James Connolly – the Irish rebel and revolutionary labor leader who inspired the founders of TWU Local 100 – will be a significant focus of New York City’s first annual Irish cultural festival.

Cuala NYC is an ambitious and sweeping endeavor with more than two dozen events, ranging from a William Butler Yeats play being performed on a beach in Coney Island, to live music at an Irish pub in the Riverdale section of the Bronx, to poetry readings on an East River ferry boat. Many activities will explore the important role that New York City played in Ireland’s historic 1916 Rising, now in its centennial anniversary.  At the same time, the festival will celebrate the indelible mark the Irish left on NYC, festival organizer Susan McKeown said.

"The 1916 Rising would not have happened without New York,” McKeown, a Grammy Award winning Irish Folk singer, said. “CualaNYC is inspired by the historic and cultural connections between the two places and I felt it was especially important to remember James Connolly in our events."

Connolly came to New York City in 1902 and lived in the United States for approximately 8 years, spreading his doctrine of industrial unionism through his writing and speeches at places like the Great Hall of Cooper Union. Workers are strongest when organized by industry and not fragmented into many smaller groups by trade and job title, Connolly stressed.
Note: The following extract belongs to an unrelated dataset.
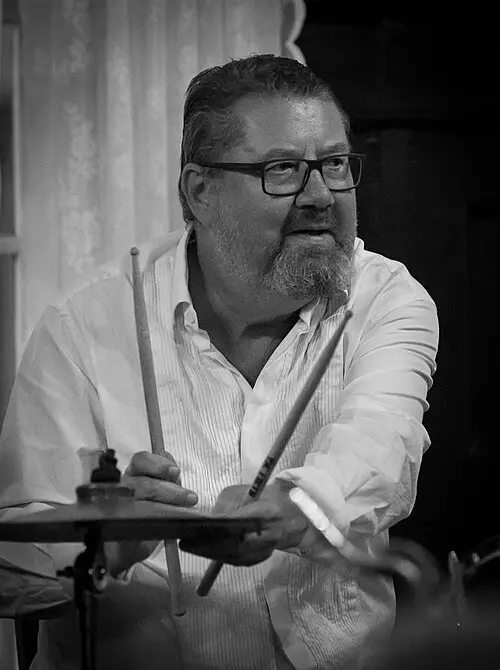 Per Frydenlund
The message resonated with Mike Quill decades later as he organized transit workers and founded the Transport Workers Union in 1934.

Cuala NYC will include “James Connolly’s New York” on May 12th at Cooper Union, a tribute with performances by New York Irish musicians, writers and storytellers. Bagpiper bands from various unions will perform in Union Square to honor Connolly on May 19, and both celebrities and members of the public will be invited to address the crowd from a soapbox as Connolly so famously did himself.

Connolly – and TWU founder Mike Quill - also will be featured in a historical comic book being produced by The Nerve Centre in Derry, Ireland, for distribution here. Local 100 is contributing towards the production costs.